Similarity matrix based on the Sørensen similarity index between the state variables considered in the models. Darker colours mean higher similarity. Models with a green upward arrow are significantly more similar to other models corrected for the maximum number of state variables (p < 0.05). Models with a red downward arrow are significantly more dissimilar to other models corrected for the number of state variables (p < 0.05). Grey bars on the right show the maximum number of state variables within a model. For detailed information on methods and results, see Online Resource 4. (Color figure online)
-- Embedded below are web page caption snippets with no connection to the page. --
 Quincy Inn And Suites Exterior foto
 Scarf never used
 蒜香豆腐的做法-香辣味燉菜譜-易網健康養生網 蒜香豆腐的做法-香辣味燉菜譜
Exploiting diversity in AEMs

The inventory of the AEMs reveals a great diversity in model approaches, formulations and applications. Here, we ask whether and how this diversity could be exploited.

Exploiting the diversity in disciplines

One of the options is to exploit the diversity in contributing disciplines (see Fig. 2) and work in teams consisting of not only aquatic ecologists, but also social scientists, economists, climatologists, hydrologists, statisticians, mathematicians, etc. Working in an interdisciplinary setting helps one to look beyond the personal expert field and provides a more holistic view upon both models and aquatic ecosystems (Hamilton et al. 2015). Resulting interdisciplinary models have an increased complexity with the disadvantage that full understanding of the model by the individual modeller is lost (Scholten et al. 2007; Robson 2014a). The problem of inappropriate usage of complex models can be overcome by again working in interdisciplinary teams. In this way, team members are able to focus on their own area of expertise while the team as a whole is able to understand the full model. Statisticians and mathematicians can support interdisciplinary teams with their knowledge on mathematical formulations and their insight into model uncertainty. Especially within the scientific niche, understanding of the model is important since novel ideas need to be tested and understood. Within the engineering niche, there is less need to understand each model component in detail. Indeed, many people drive a car safely without having a detailed technical background on the engine’s functionality.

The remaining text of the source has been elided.